It’s become a familiar ritual: Tesla announces quarterly deliveries that beat expectations, as most everyone (at least in the EV press) expected. It’s a choreographed quarterly concert that keeps Tesla in the news, and keeps the stock price climbing.
This time however, a global pandemic and auto industry slump were in the mix, and there really was some uncertainty as to whether Tesla would make a respectable showing. The California cowboys came through, confirming quarterly deliveries of 90,650. That’s only slightly lower than Q2’s 2019 figure of 95,200, which counts as a huge win under the circumstances.
It’s becoming clear that EV sales (which pretty much means Tesla sales) are going to take much less of a hit from the economic turmoil than ICE vehicles. GM, Toyota, Fiat Chrysler, Ford and Audi all saw their deliveries drop more than 30% in Q2.

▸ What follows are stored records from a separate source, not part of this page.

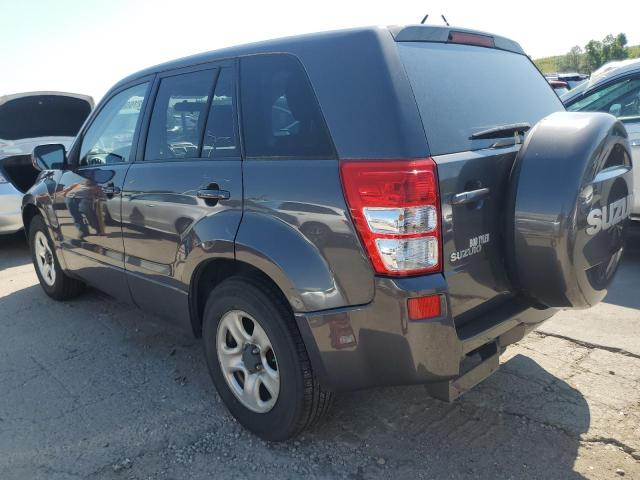 Photo 2 from auction – 2011 SUZUKI GRAND VITA with VIN JS3TE0D26B4100868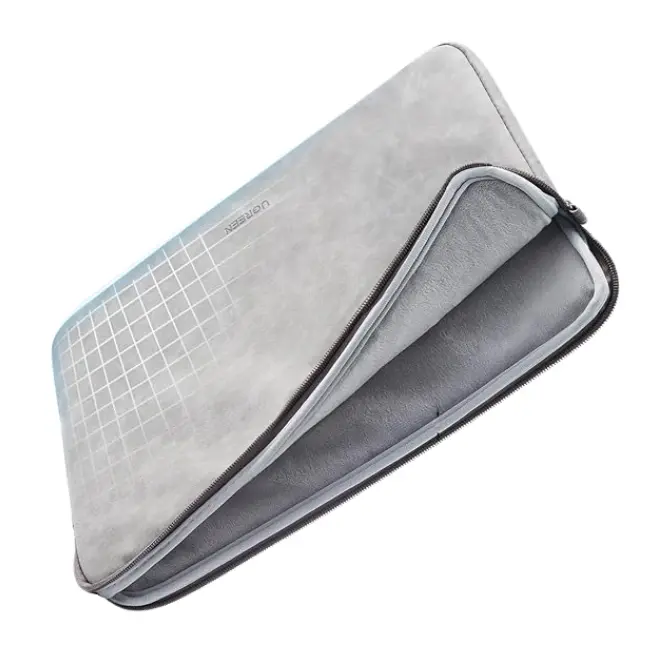 UGREEN 20476 Laptop Sleeve For 14"-14.9" Notebook Light & Portable Fits For Macbook Air & Pro 13"-14" - Shopo.lk Sri Lanka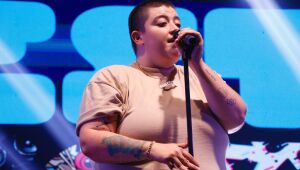 'Fest Voz 2025' define finalistas em evento com apresentação de Ana Vilela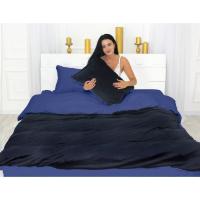 Постельное белье MirSon Велюр Winter Delicate 28-0079 Nasturzio Полуторный Фото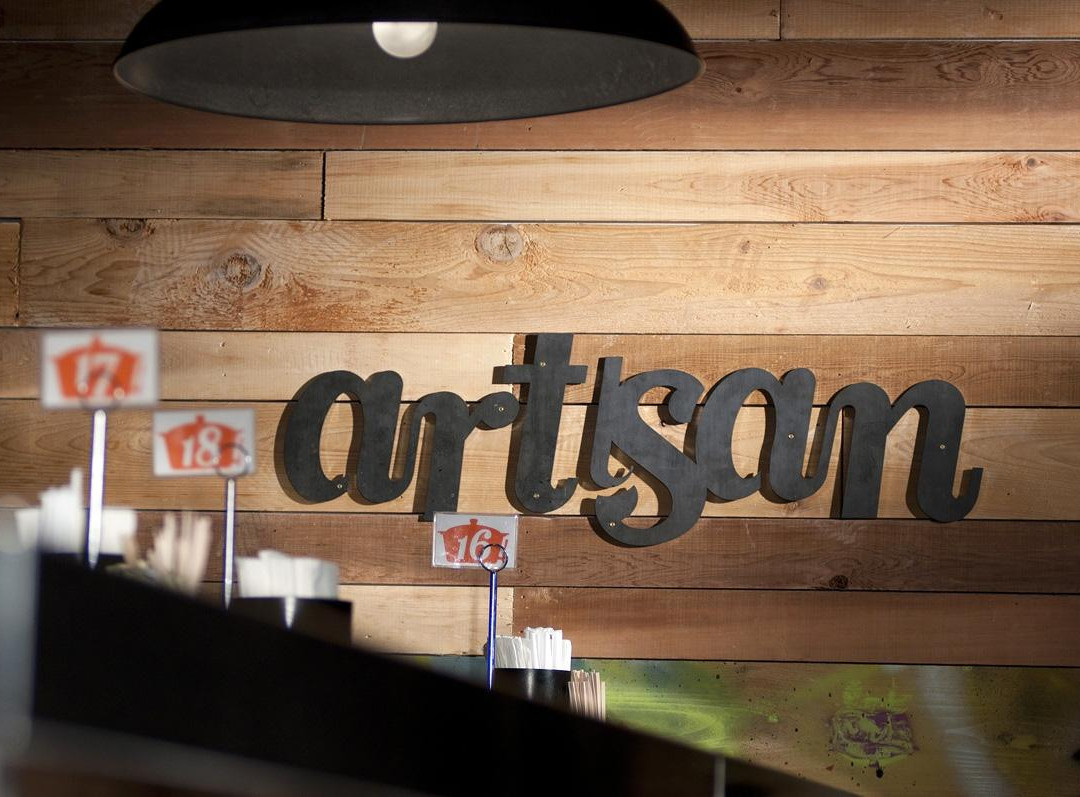 Artisan Kitchen and Bar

Here’s what Tesla had to say:
In the second quarter, we produced over 82,000 vehicles and delivered approximately 90,650 vehicles.
While our main factory in Fremont was shut down for much of the quarter, we have successfully ramped production back to prior levels.
|Production||Deliveries||Subject to lease accounting|
Analysts (they of little faith) were predicting deliveries of between 72,000 vehicles (FactSet) and 83,000 vehicles (Bloomberg). The actual numbers caused TSLA stock to soar, and pundits to wax poetic. “A 90,000 delivery number in this COVID lockdown environment is a jaw dropper, and the bulls will run with this as a potential paradigm changer moving ahead,” Wedbush analyst Daniel Ives told MarketWatch.